John Philip Cohane, born in New Haven, Connecticut, was an American author. He later moved to Ireland where he wrote books on etymology and ancient astronaut themes.

==Books==

Cohane published The Indestructible Irish in 1968 in which he proposed that the Irish peoples were of 'Mediterranean origin’. In the book he claimed that the original blood stock in England, Ireland, Scotland, and Wales is Semitic. Cohane also published The Key: A Startling Enquiry into the Riddle of Mans Past, which claimed that before Egyptian, Greek, Phoenician and Carthaginian eras two major worldwide Semitic migrations took place from the Mediterranean and scattered across the earth.

The American linguist Cyrus Herzl Gordon was a friend of Cohane and wrote a preface to Cohane's book The Key, Gordon was supportive of many of Cohane's theories.

Cohane claimed that geographical names in America have a Semitic origin.
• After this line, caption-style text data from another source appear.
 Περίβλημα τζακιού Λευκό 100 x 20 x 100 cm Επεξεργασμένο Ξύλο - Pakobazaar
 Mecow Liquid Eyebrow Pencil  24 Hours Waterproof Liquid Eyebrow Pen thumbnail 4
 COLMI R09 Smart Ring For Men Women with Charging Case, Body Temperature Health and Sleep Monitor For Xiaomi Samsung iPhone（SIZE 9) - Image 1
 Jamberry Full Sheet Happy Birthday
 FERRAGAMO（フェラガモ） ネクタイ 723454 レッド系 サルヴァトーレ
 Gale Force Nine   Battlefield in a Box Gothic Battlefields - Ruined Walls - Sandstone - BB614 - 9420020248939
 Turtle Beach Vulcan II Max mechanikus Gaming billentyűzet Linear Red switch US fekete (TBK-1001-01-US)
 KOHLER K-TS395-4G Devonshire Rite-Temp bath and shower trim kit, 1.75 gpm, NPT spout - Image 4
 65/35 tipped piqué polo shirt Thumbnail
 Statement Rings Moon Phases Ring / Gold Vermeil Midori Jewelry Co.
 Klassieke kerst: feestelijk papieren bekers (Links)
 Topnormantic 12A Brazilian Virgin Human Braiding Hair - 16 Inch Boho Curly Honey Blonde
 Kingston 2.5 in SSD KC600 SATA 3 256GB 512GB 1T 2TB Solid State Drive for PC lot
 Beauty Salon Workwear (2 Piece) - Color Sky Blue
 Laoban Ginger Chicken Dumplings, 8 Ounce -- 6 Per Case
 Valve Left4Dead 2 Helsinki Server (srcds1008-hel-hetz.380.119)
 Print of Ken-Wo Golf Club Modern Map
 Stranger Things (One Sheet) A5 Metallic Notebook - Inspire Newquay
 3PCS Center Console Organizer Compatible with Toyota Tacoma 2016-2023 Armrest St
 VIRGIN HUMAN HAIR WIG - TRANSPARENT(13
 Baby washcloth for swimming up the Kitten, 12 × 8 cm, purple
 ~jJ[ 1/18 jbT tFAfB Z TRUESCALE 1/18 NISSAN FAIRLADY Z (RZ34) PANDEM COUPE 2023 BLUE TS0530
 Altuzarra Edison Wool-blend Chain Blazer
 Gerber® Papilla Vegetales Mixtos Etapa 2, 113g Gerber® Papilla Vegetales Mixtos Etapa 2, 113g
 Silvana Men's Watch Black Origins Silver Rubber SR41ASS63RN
He also believed that six word roots are found in most place names of most languages. Another claim by Cohane was that the Phoenicians adopted the alphabet from a prior Semitic culture.

In 1977 Cohane published Paradox: The Case for the Extraterrestrial Origin of Man in which he claimed man is a product of interplanetary colonization (see ancient astronauts).

==Reception==

Cohane's controversial ideas were rejected by professional archaeologists and historians as "fantasy" and "pseudoscience".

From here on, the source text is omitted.